山田さんは、旅行用に分けていた貯金から50万円を取り崩し、ポンド円のトレードを始めます。資金は少ないながら大きなレバレッジをかけており、短時間に数万円以上の利益が出ることもあったそうです。「スリルがあって、中毒性がありましたね」と振り返ります。

ただ、どんな取引をしていたか聞いてみると、「何となくの相場観で売ったり買ったり。損切りを自分でしたことはほとんどなくて、強制ロスカットまで我慢していました」とかなり感覚的なもの。結局、1カ月足らずで、最初の資金は大きく減ってしまったそうです。

お金を失ったことが受け入れられなかった山田さんは、何とか元を取ろうとさらに貯金を取り崩して入金を行います。しかし、損失を取り戻すどころか、損失はどんどん大きく膨らんでいきました。

最後に山田さんは、英国のEU離脱を決める国民投票のタイミングで勝負に出ます。「EUを離脱するわけがない。ポンドは下げ過ぎ」という直感で、ポンド円の買いポジションを持ち超したのです。しかし、この予想は外れてポンドは大暴落。ダメ押しとなる大損失を出すことになり、ついにFXをやめることを決意しました。

こうして山田さんは、FXを始めてからわずか半年足らずで合計300万円を失い、FX取引から退場したということです。なんとか2人の子供を大学に通わせることはできましたが、好きな旅行を我慢することになっただけでなく、生活を切り詰めるハメになりました。

敗因は「すぐに利益をあげられる」という気持ち

山田さんがFXで大失敗した原因は、すぐに利益をあげられると思い、十分な準備もなしにリアルトレードを始めたことにあります。さらに取引対象にボラティリティの大きなポンド円を選んだことで、傷口が広がってしまいました。

また、山田さんはもともとギャンブル好きだったのか、FXのスリルを楽しんでいたようにも見えます。相場を分析して優位性のあるところを探すというよりも、上昇するか下降するかを丁半バチで当てるようなトレードをしていたことも失敗の原因でしょう。
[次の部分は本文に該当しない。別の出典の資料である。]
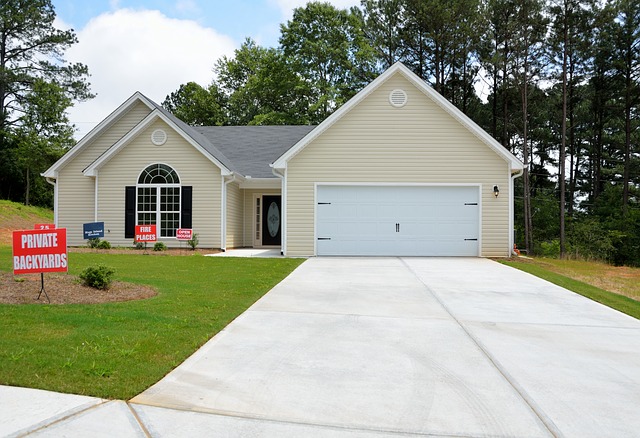 Top Ways That You Can Choose To Save Extra Expenses While Selling A Property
確かにFXでは、初心者がいきなり大きな利益をあげることもあります。しかし、それを継続するのは難しく、安定した成績を残すにはそれなりの知識やスキル、経験が欠かせません。「簡単に稼げそう」という安易な気持ちだけで始めると、痛い目に遭う可能性が高いわけです。

実は山田さんのように、FXを始めたものの短期間で退場してしまうケースが多いことが、最近の調査で明らかになっています。

FX退場者の半数が1年未満でやめている

FXをやめた人を対象に行った、独自のアンケート調査の結果を2つ紹介します。1つ目は、FXをやめたタイミングに関する質問です。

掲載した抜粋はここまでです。